There are other problems too:

- Confusables. Can you tell the difference between AΑА versus АAΑ,
or ВΒB versus BΒВ? Or even O versus 0?

- Lack of glyphs for the majority of those code points in most fonts.
Most numbers will look like a sequence of boxes.

- Difficulty of data entry.

- Some people's digits will not have the value that they expect,
e.g. digit '1' might not have the numeric value 1, for at least
all-but-ten of the 460 different decimal digits in use.

- Realistically, who is going to use this?

Even as an intellectual exercise, using huge bases for human input and
output isn't very useful. The idea of using massive implicit bases for the
internal implementation of BigNums is quite reasonable, but for human input
and output, it doesn't fly.

--
Steven

Chris Angelico

unread,

Apr 8, 2015, 10:40:14 PM4/8/15

to pytho...@python.org

On Thu, Apr 9, 2015 at 12:32 PM, Steven D'Aprano
<steve+comp....@pearwood.info> wrote:
> - Realistically, who is going to use this?

Nobody. I was never suggesting it as a serious option; just threw it
out there as another dumb alternative :)

ChrisA

wxjm...@gmail.com

unread,

Apr 9, 2015, 2:14:41 AM4/9/15

to

Le jeudi 9 avril 2015 04:40:14 UTC+2, Chris Angelico a écrit :

====

(Most) everything is doable.
There are even people who are recommending to
represent this decimal number 8364 with a
sequence of these three decimal numbers 226 130 172
;-)
jmf

BartC

unread,

Apr 9, 2015, 5:19:37 AM4/9/15

to

On 08/04/2015 23:06, Marko Rauhamaa wrote:
> BartC <b...@freeuk.com>:
>
>> So the the number 3,012,345, in base 1000000, could represented in
>> text form as the two 'digit':
>>
>> (3, 12345)
>>
>> ie. 3*1000000 + 12345*1. In internal binary, each digit can just be
>> stored in the normal form, probably as one digit per 32-bit integer.
>>
>> (I have a big integer library that works exactly this way, using a
>> decimal representation, but using base 1000000 with digits 0 to
>> 999999, rather than base 10 and digits 0 to 9.)
>
> It is common to implement big integers in base-2**16, base-2**32 or
> base-2**64.

This was a development of a version that used base-10 strings to encode
the numbers.

It might be a magnitude slower than, say, built-in Python big integers,
but a huge advantage had been in being able to print out the results
easily without needing division.

(I know that there is some algorithm to print an arbitrary precision
binary number using shifts and masks, but I didn't know it then.)
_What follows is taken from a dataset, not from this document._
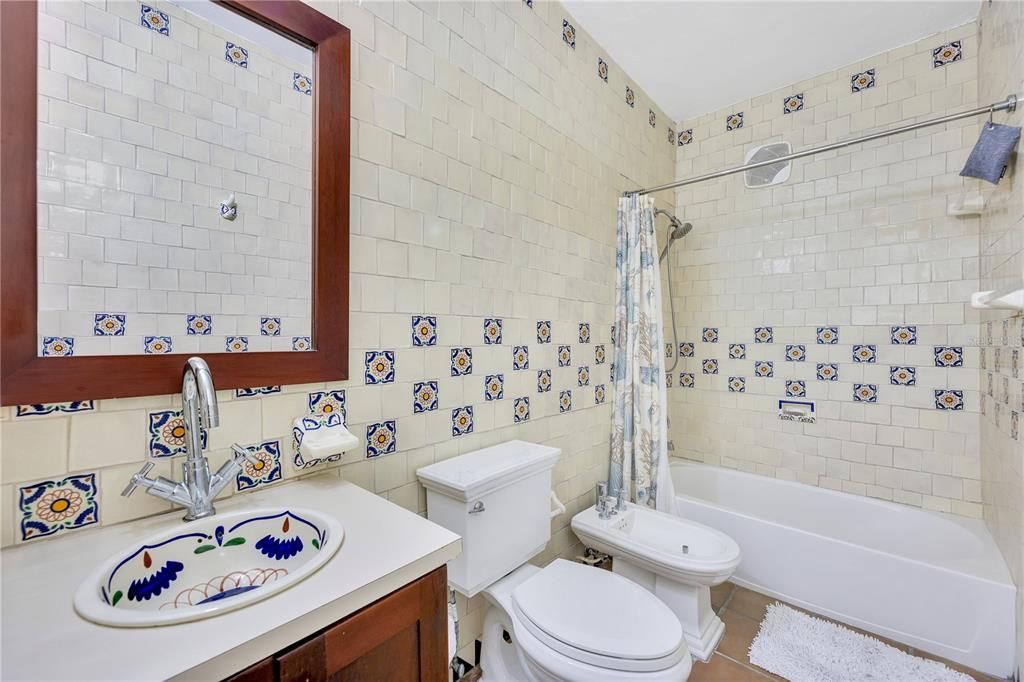 В аренду: $3,400 (2 спален, 2 ванн, 1346 Квадратных фут)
> Arithmetics is performed just like in elementary school.

Not in the school I went to; we used decimal!

--
Bartc

Marko Rauhamaa

unread,

Apr 9, 2015, 6:00:16 AM4/9/15

to

BartC <b...@freeuk.com>:

> On 08/04/2015 23:06, Marko Rauhamaa wrote:
>> Arithmetics is performed just like in elementary school.
>
> Not in the school I went to; we used decimal!

The basic arithmetic algorithms are independent of the base.

For example, here's how you can add two 128-bit integers in C using
64-bit digits:

typedef struct {
uint64_t lo, hi;
} uint128_t;

uint128_t add128(uint128_t x, uint128_t y)
{
uint128_t result = {
.lo = x.lo + y.lo,
.hi = x.hi + y.hi
};
if (result.lo < x.lo)
result.hi++;
return result;
}

Works both for signed and unsigned integers.

Marko

Alain Ketterlin

unread,

Apr 9, 2015, 7:57:59 AM4/9/15

to

Marko Rauhamaa <ma...@pacujo.net> writes:

> The basic arithmetic algorithms are independent of the base.

Right.

> For example, here's how you can add two 128-bit integers in C using
> 64-bit digits:
>
> typedef struct {
> uint64_t lo, hi;
> } uint128_t;
>
> uint128_t add128(uint128_t x, uint128_t y)
> {
> uint128_t result = {
> .lo = x.lo + y.lo,
> .hi = x.hi + y.hi
> };
> if (result.lo < x.lo)
> result.hi++;
> return result;
> }
>
> Works both for signed and unsigned integers.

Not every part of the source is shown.